▸ **Aim of the exercise**: Since the copy must hold text only, transcribe the data below exactly and omit the images.

▸ **Collected data**:
# # # # # # #

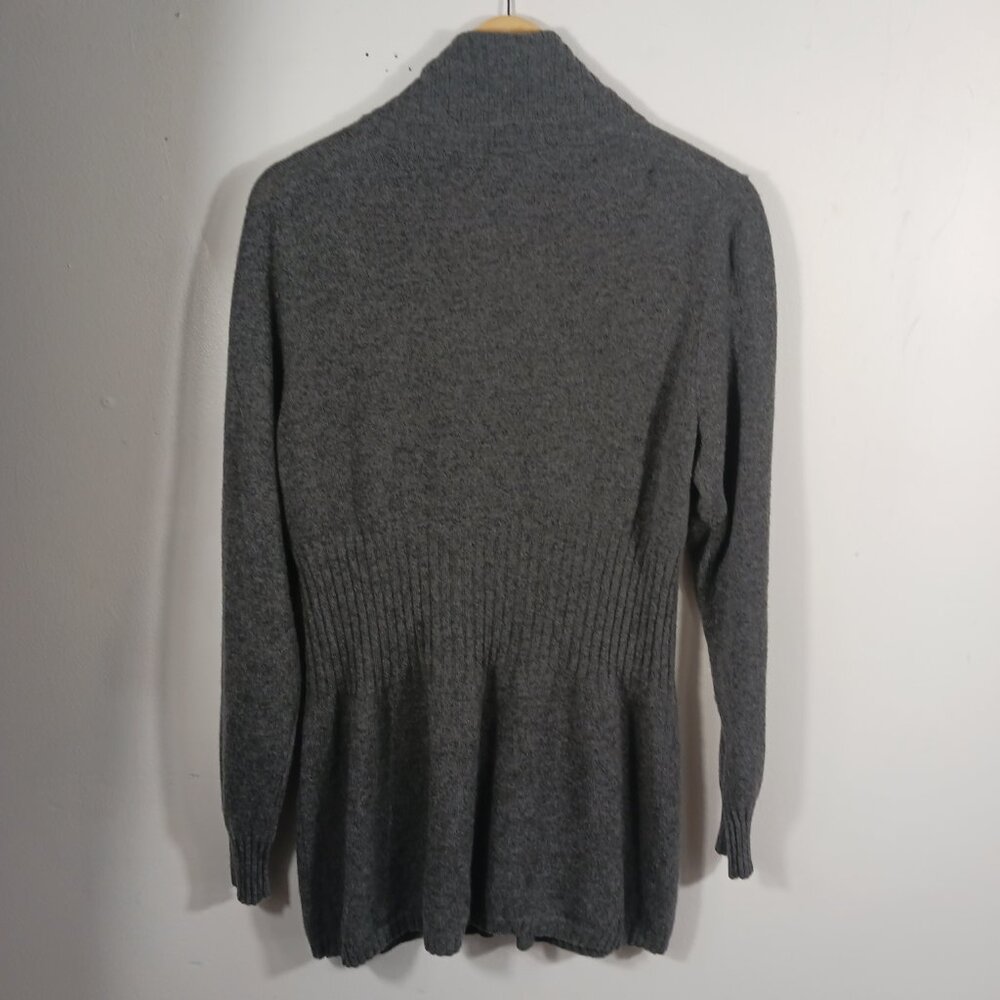 Precious Fibers 100% cashmere Gray Shawl Collar Longline Cardigan Sweater, Large - Picture 6 of 15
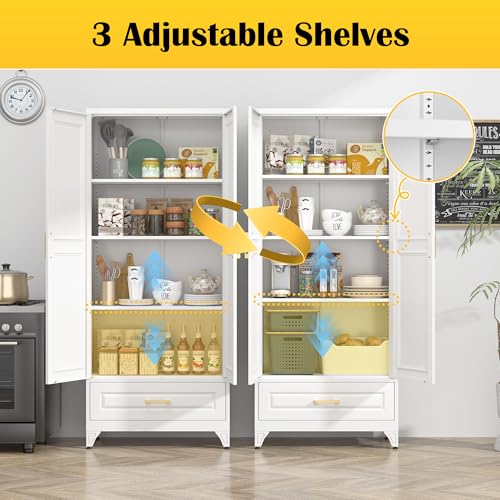 Image of SteeLoong 75 inch Metal Storage Cabinet with Doors and 3 Adjustable Shelves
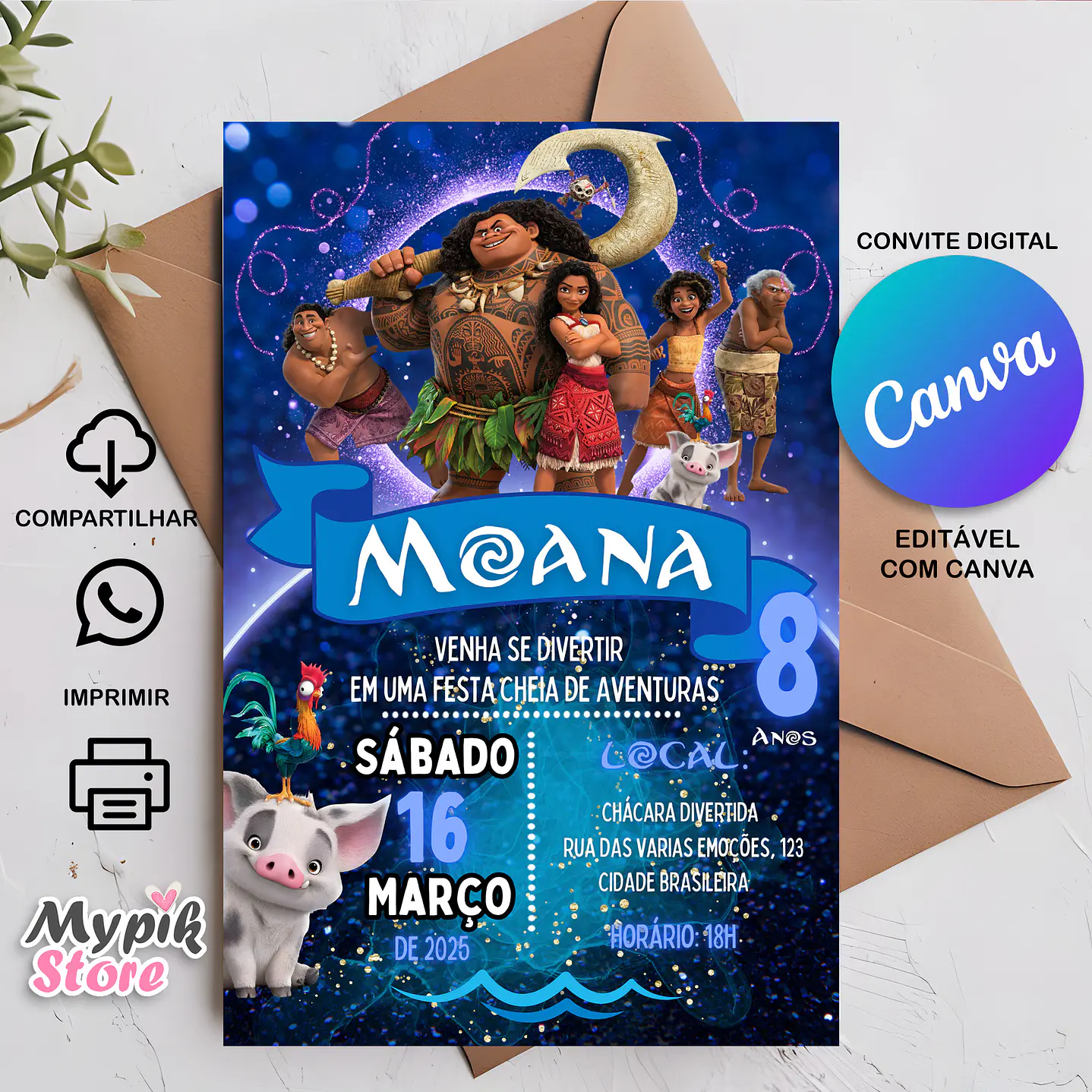 Convite Digital Moana 2 - Editável com Canva 1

# # # # # # #

▸ **Output for this task**:
 Precious Fibers 100% cashmere Gray Shawl Collar Longline Cardigan Sweater, Large - Picture 6 of 15
 Image of SteeLoong 75 inch Metal Storage Cabinet with Doors and 3 Adjustable Shelves
 Convite Digital Moana 2 - Editável com Canva 1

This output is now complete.